YBD affects only star and brain corals. It spreads slower than most other coral diseases, 5-11 centimeters per year, but may affect a colony for years. The cause of YBD is still unknown.
> Aspergillosis <
This disease, caused by the fungus Aspergillus sydowii, kills sea-fan coral in the Caribbean. The corals often try to protect themselves by encapsulating the fungus in purple galls (abnormal swelling of tissue).

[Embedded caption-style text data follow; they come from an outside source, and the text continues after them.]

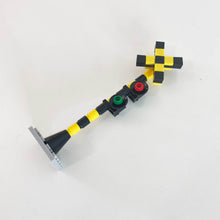 Load image into Gallery viewer, Train Railway Traffic Signals Red/Green with Crossing symbol - Unbranded Bricks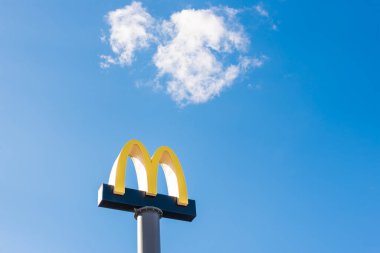 Kyiv, Ukrayna - 06 Mart 2021: Mavi gökyüzünde McDonald 's restoranlarının logosu. McDonald 's Corporation, dünyanın en büyük fast food restoranları zinciri.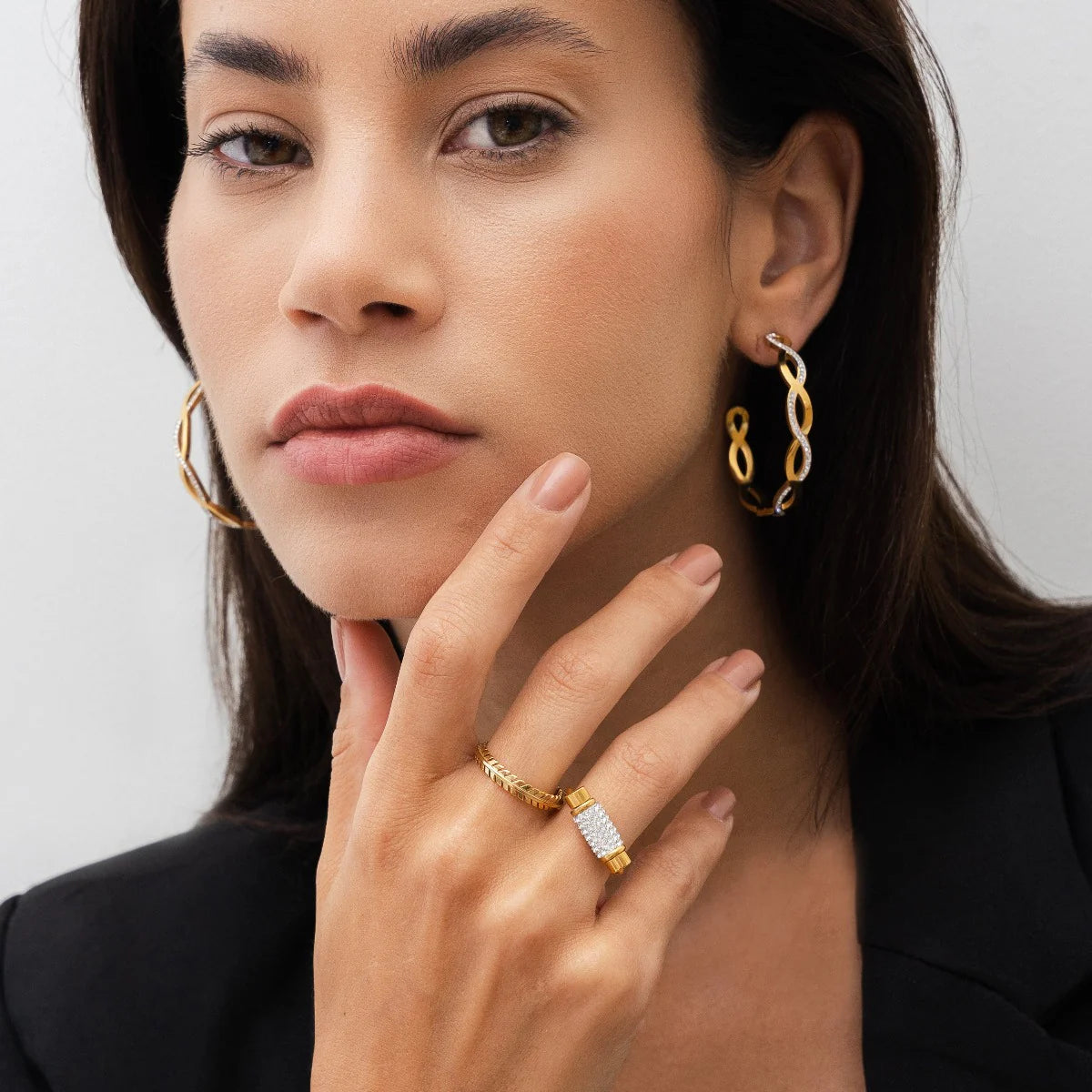 Woven Leaves Ring - Gold Tone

Aspergillus is normally found on land, and is the cause of much moldy food. Some species apparently found an inviting home in the oceans some decades ago, but did not start killing coral until some time in the past 20 years. It is possible that the warmer sea surface temperatures have prompted this change.
> Coral Bleaching <
Coral bleaching occurs when coral polyps expel their symbiotic zooxanthellae. Coral tissues are translucent, and it is the zooxantellae that give them their color. The loss of these algae allows the white skeleton to show through, giving the coral a bleached appearance.
Bleaching occurs when corals are stressed. The most common cause is high sea surface temperatures, but water pollution and infections may also cause bleaching. Bleaching events occur in coral colonies worldwide.
Diseases of coral reefs have increased in number and frequency in the past few decades. We need to get a handle on this potential epidemic before it causes irreparable damage to the world’s most diverse ecosystems.